Disabling Hermes's Built-in Memory
Hermes has a built-in memory tool that saves to local markdown files. If both are active, the LLM may prefer the built-in one. Disable it:
hermes tools disable memory
Re-enable later with hermes tools enable memory.
Troubleshooting
Plugin not loading: Verify the entry point is registered:
python -c "
import importlib.metadata
eps = importlib.metadata.entry_points(group='hermes_agent.plugins')
print(list(eps))
"
You should see EntryPoint(name='hindsight', value='hindsight_hermes', ...).
Tools don't appear in /tools: Check that api_url (or HINDSIGHT_API_URL) is set, or that HINDSIGHT_API_KEY is set for cloud mode.
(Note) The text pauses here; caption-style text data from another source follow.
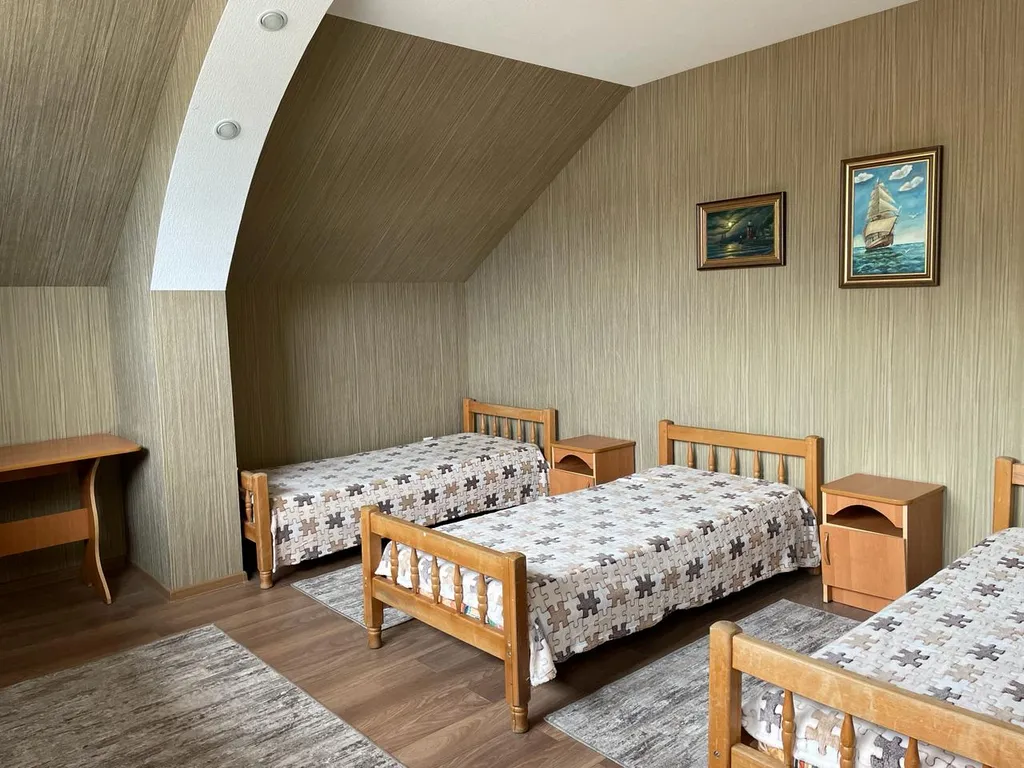 Апартаменты на Чёрном море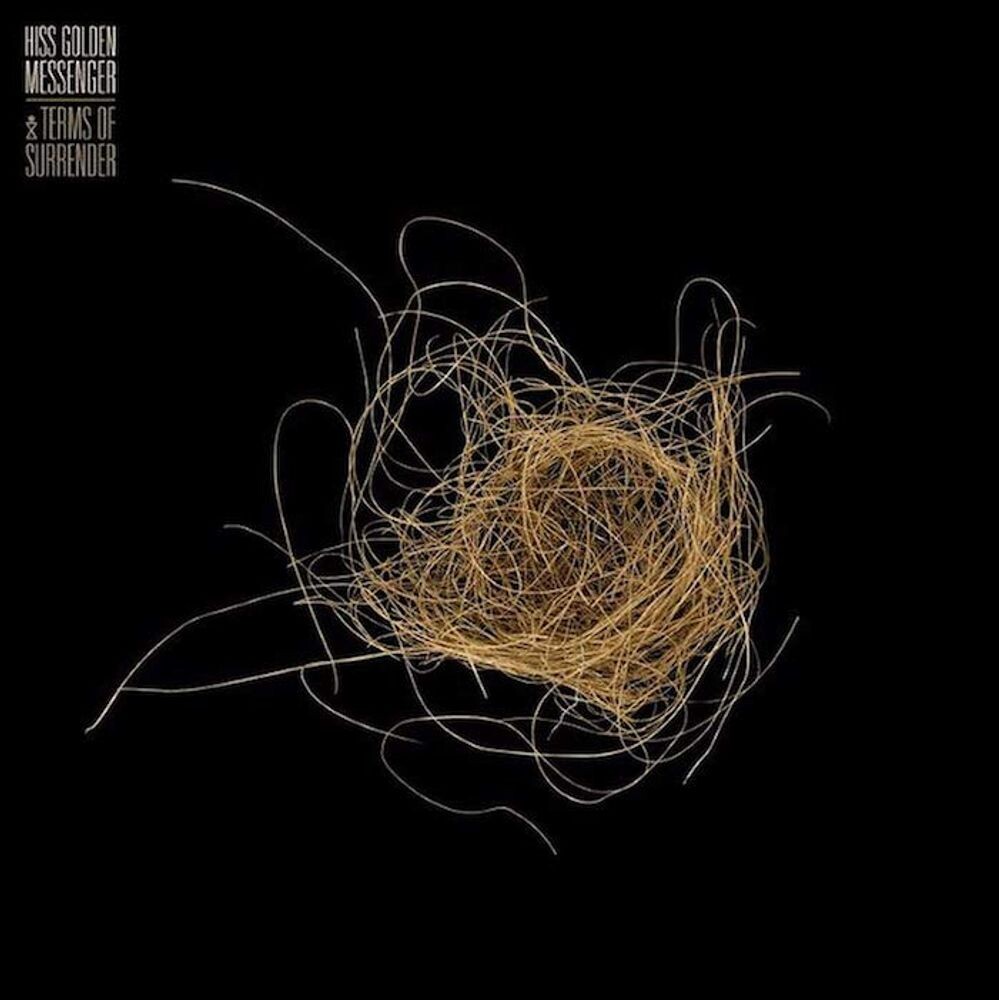 

Виниловая пластинка LP Terms Of Surrender - Hiss Golden Messenger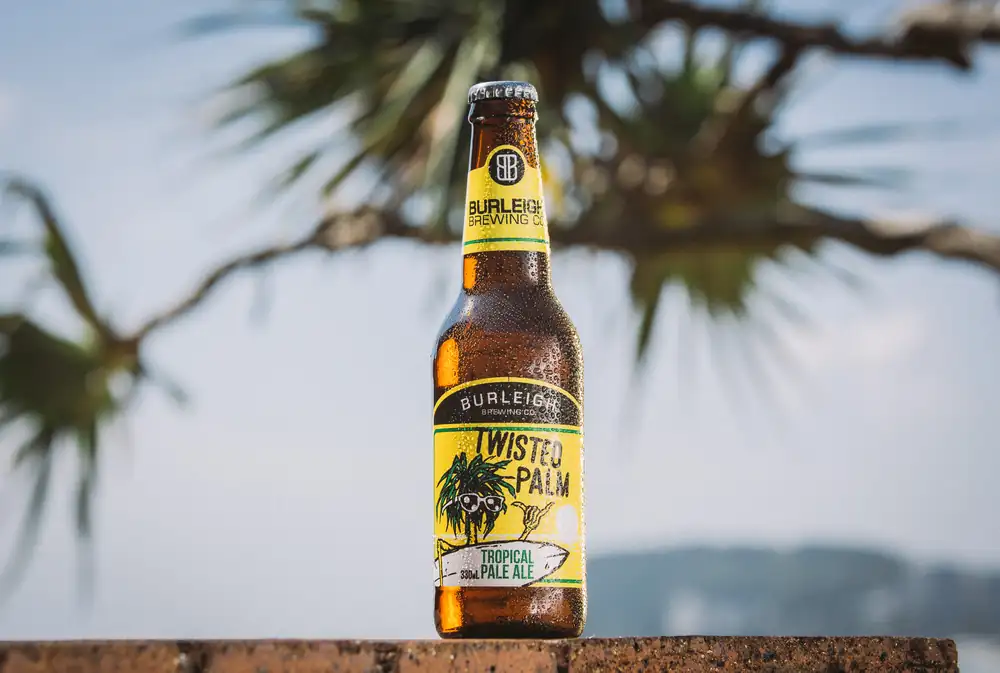 Burleigh Brewing Twisted Palm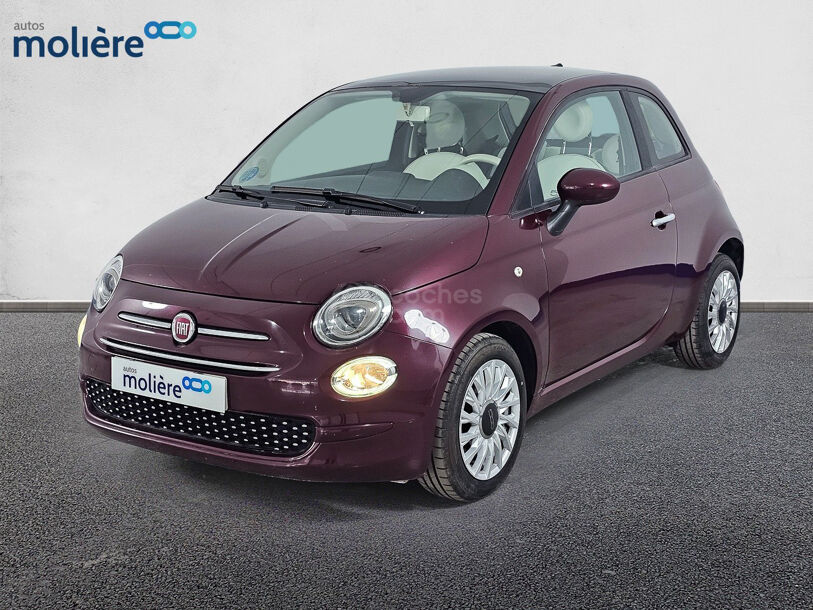 Foto del FIAT 500 1.0 Hybrid Dolcevita 52kW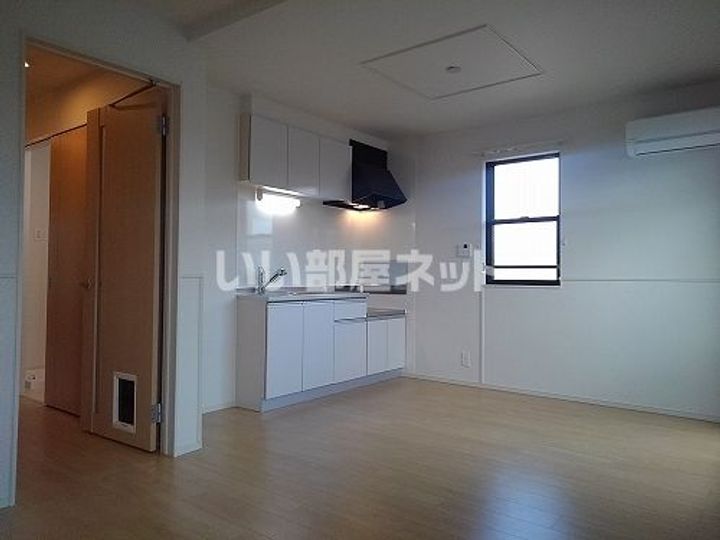 シトラスIIのキッチン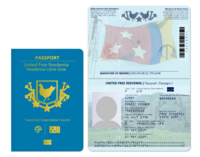 Freedemian Passport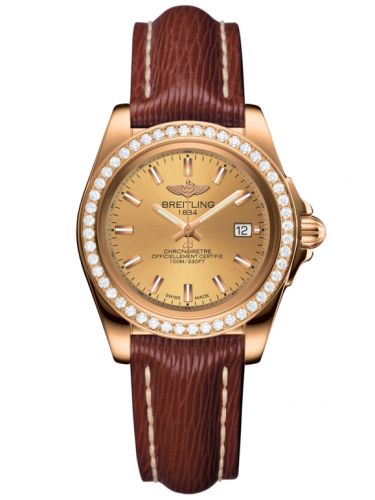 Galactic 32 Sleek Edition Rose Gold / Diamond / Golden Sun / Sahara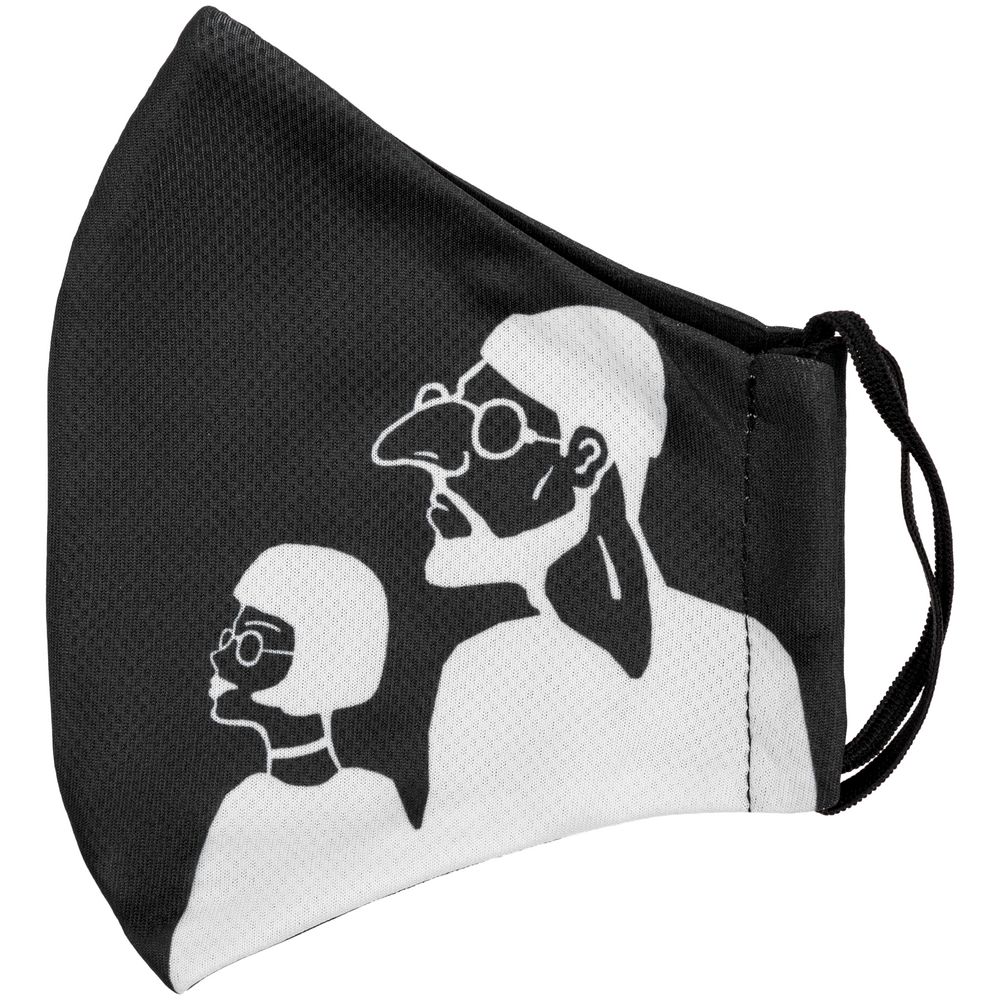 Маска для лица «Леон»-5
The plugin silently skips tool registration when unconfigured.
Connection refused: Verify the Hindsight API is running:
curl http://localhost:9077/health
Local daemon not starting: Check the daemon log for errors:
cat ~/.hermes/logs/hindsight-embed.log
Recall returning no memories: Memories need at least one retain cycle. Try storing a fact first, then asking about it in a new session.